══ Extracted records

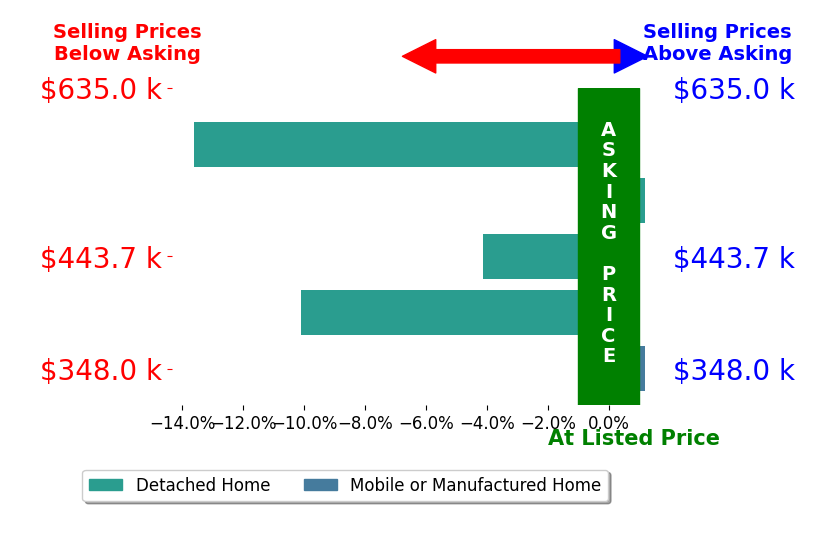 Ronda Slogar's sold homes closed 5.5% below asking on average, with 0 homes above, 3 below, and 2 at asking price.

════
══ Extracted records

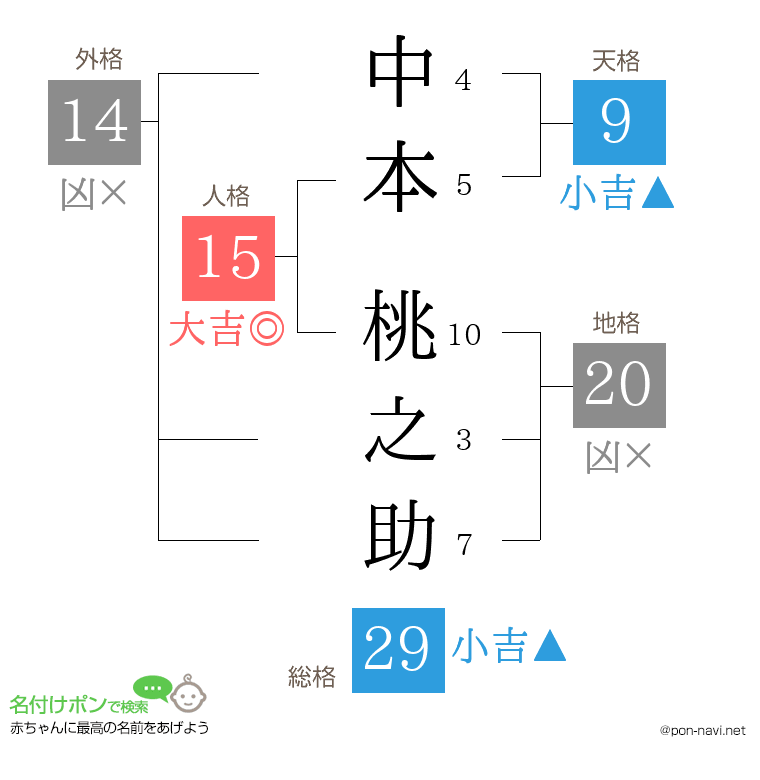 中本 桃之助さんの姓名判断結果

════
══ Extracted records

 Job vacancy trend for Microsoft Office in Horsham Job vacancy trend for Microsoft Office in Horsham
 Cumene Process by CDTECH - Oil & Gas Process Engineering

════

Directions for this task - From the entries above, return exactly the line containing "Job vacancy trend for Microsoft Office in Horsham Job", the line containing "Gas Process Engineering", and all lines between, and nothing else.

Problem solution -
 Job vacancy trend for Microsoft Office in Horsham Job vacancy trend for Microsoft Office in Horsham
 Cumene Process by CDTECH - Oil & Gas Process Engineering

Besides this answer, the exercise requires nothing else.